#### [YOUR OBJECTIVE]
Give back the exact lines of the material below from the one containing "Silver butterfly earrings" through the one containing "A coastal town", and no pictures.

#### [DATA EXCERPTS]
%%

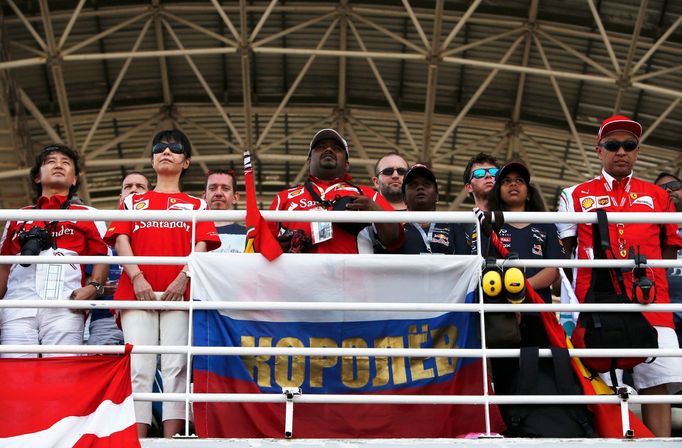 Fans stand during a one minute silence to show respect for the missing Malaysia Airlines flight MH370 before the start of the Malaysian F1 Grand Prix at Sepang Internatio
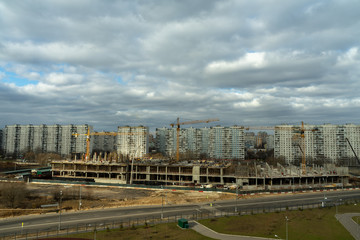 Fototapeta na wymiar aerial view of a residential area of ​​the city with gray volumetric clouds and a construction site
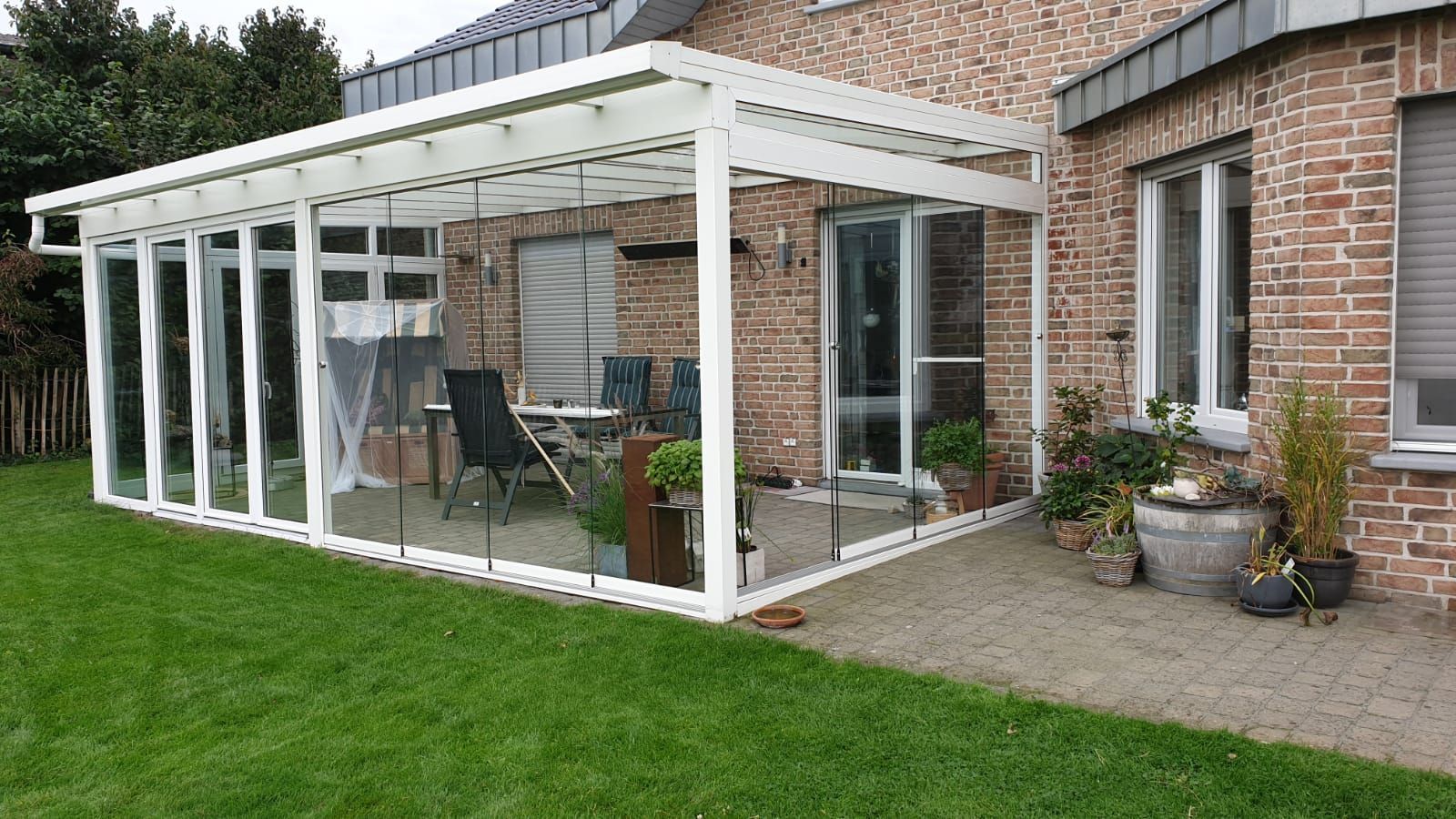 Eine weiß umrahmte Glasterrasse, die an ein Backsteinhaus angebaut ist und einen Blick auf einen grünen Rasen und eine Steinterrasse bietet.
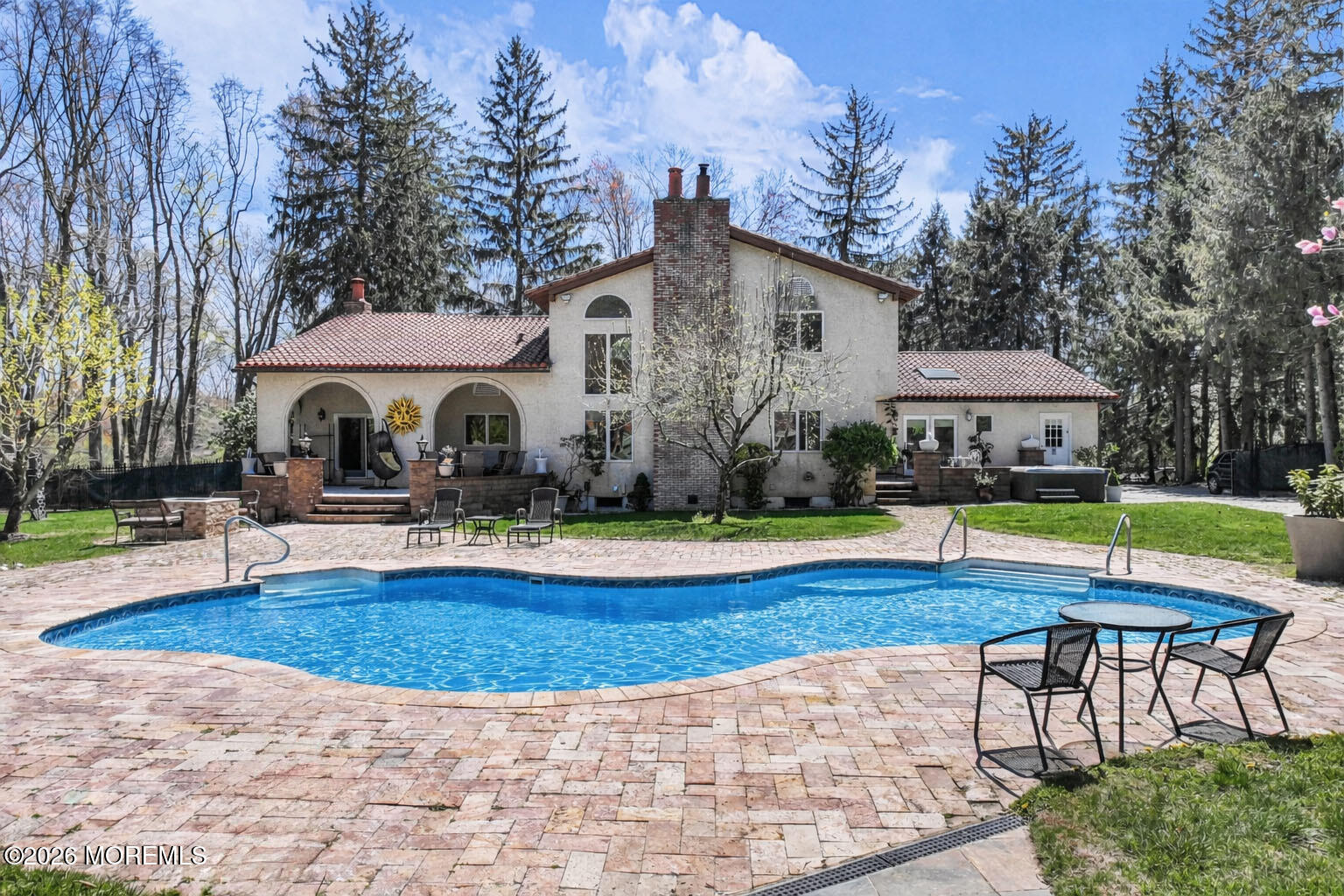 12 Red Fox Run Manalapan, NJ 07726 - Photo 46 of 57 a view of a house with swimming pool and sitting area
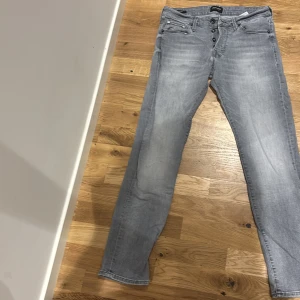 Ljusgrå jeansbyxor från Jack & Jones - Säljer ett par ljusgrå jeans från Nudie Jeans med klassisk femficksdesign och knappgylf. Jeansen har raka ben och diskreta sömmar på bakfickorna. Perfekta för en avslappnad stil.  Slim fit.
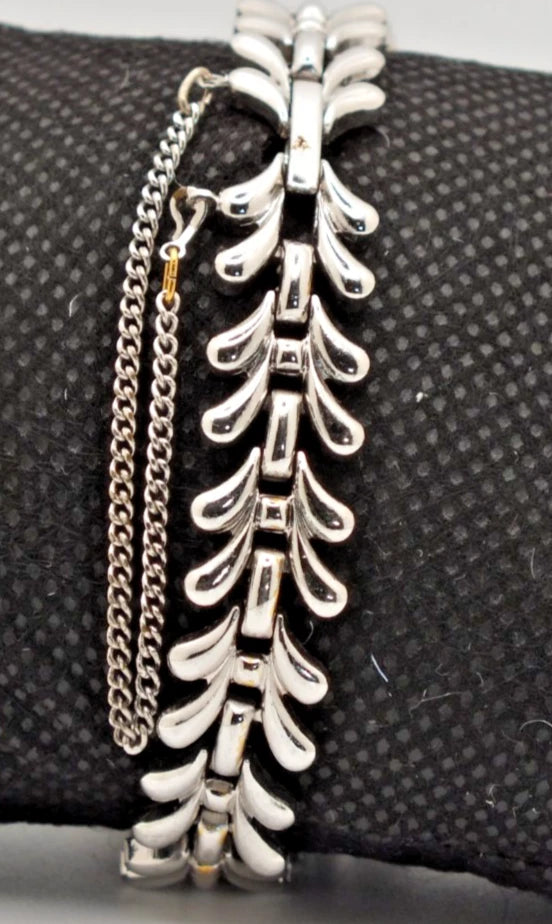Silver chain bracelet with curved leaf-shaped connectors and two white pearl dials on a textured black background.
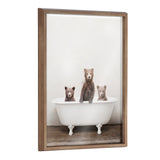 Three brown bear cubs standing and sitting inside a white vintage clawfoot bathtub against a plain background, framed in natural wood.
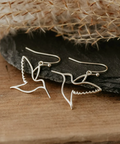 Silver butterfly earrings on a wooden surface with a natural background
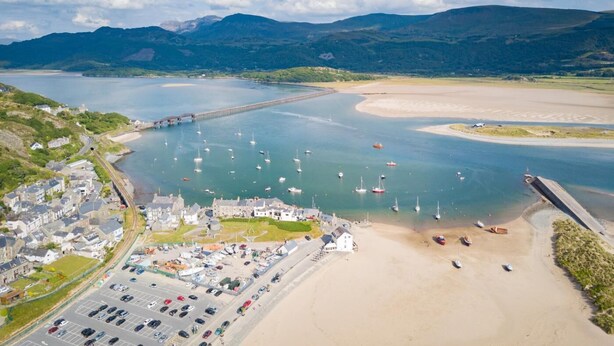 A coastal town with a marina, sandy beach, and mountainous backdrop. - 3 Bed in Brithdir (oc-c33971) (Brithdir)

%%
%%

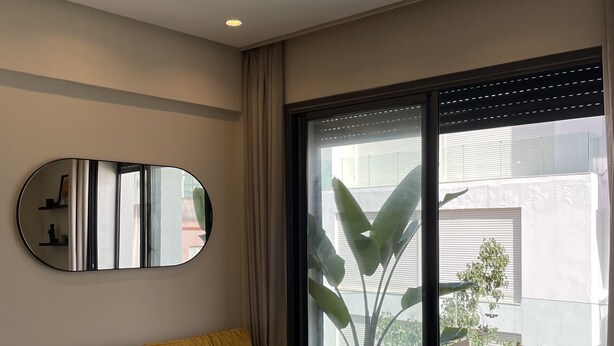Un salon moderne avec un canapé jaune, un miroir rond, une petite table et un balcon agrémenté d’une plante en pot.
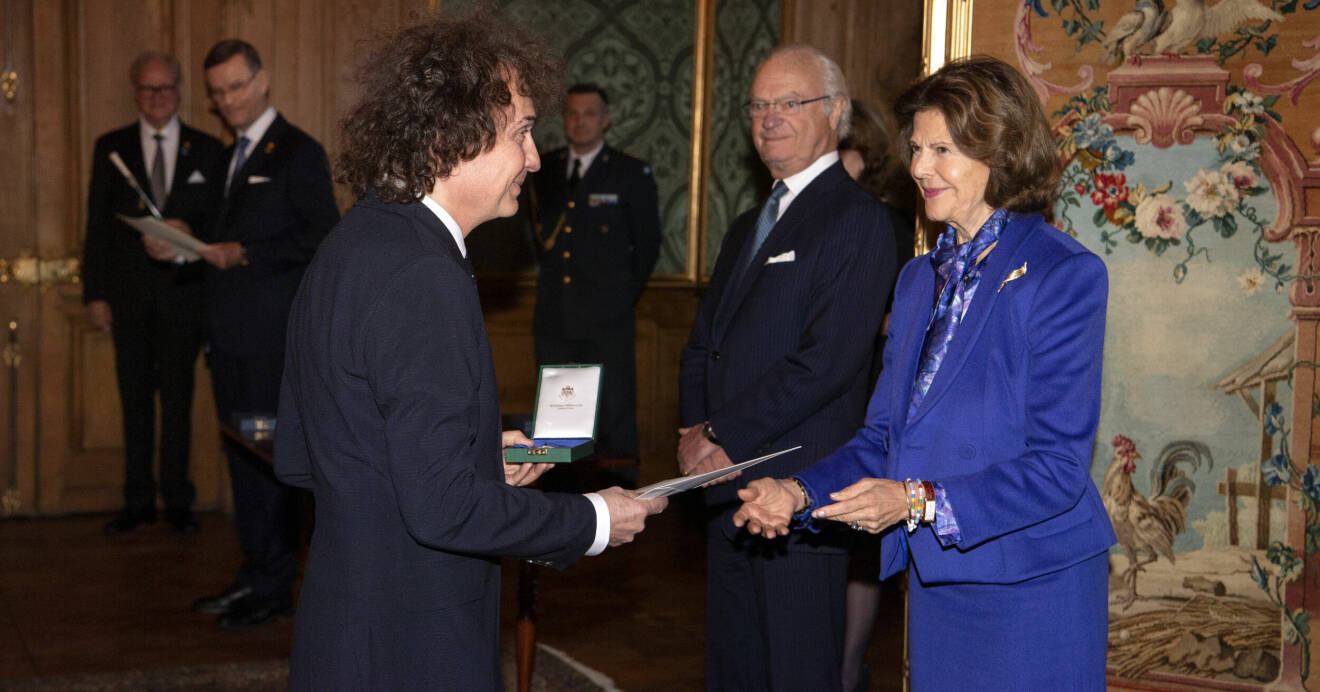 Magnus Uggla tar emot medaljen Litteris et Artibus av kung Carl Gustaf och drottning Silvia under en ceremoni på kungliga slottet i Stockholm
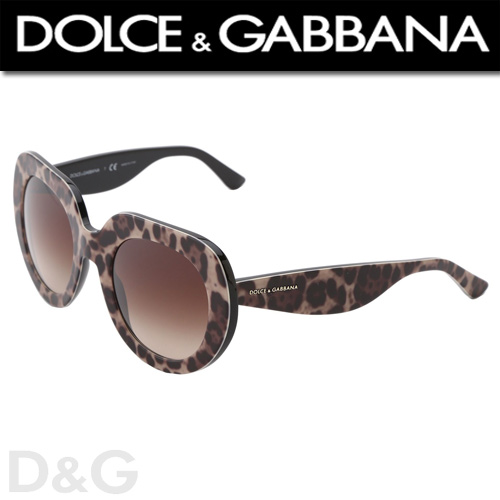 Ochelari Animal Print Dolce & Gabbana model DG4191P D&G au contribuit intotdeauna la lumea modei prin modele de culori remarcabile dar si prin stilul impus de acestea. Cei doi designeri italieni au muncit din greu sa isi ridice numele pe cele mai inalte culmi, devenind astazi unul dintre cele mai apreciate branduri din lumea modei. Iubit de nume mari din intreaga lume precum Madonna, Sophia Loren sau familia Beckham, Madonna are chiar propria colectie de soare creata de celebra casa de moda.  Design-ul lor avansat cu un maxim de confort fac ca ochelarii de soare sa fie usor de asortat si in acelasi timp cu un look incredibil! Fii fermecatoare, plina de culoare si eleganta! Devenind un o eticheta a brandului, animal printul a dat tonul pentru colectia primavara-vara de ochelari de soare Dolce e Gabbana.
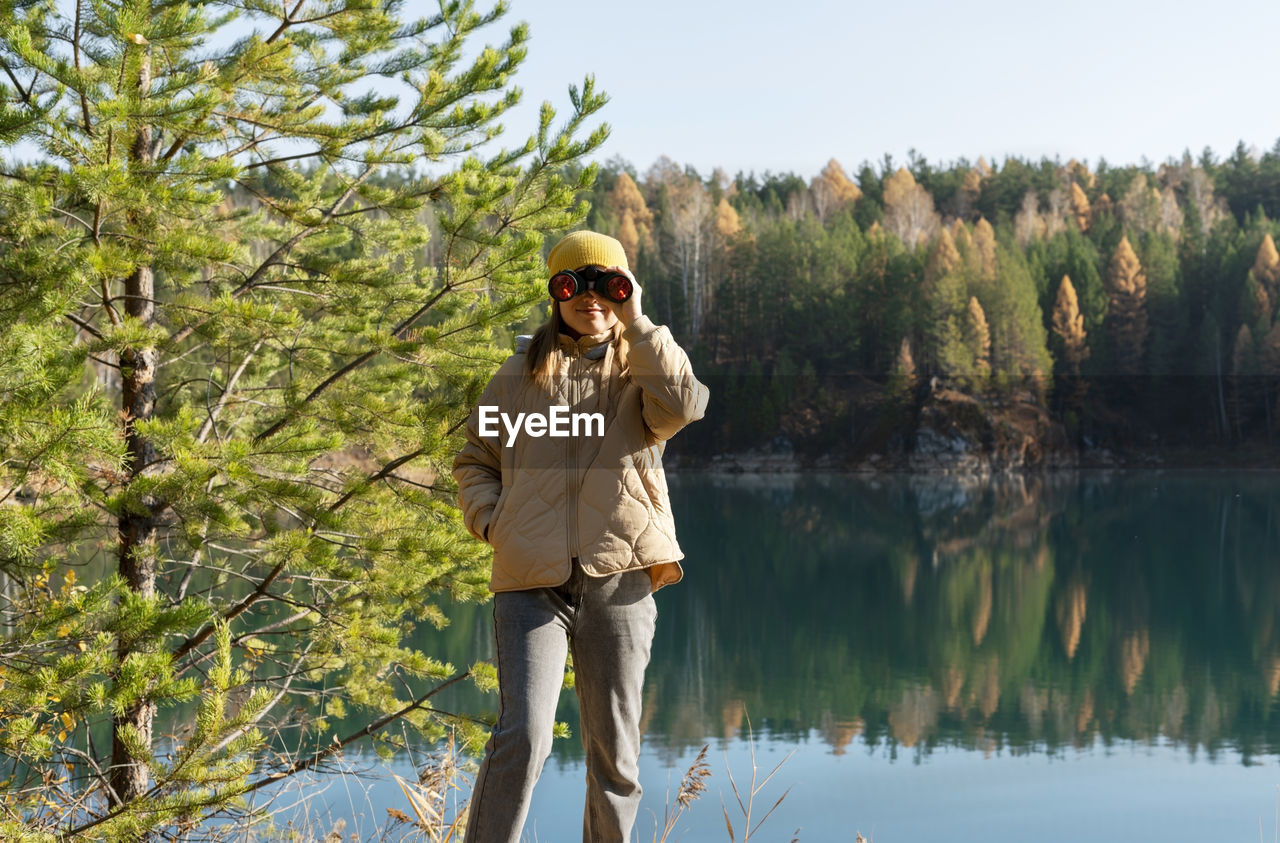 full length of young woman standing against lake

%%

#### [RESULT]
 Silver butterfly earrings on a wooden surface with a natural background
 A coastal town with a marina, sandy beach, and mountainous backdrop. - 3 Bed in Brithdir (oc-c33971) (Brithdir)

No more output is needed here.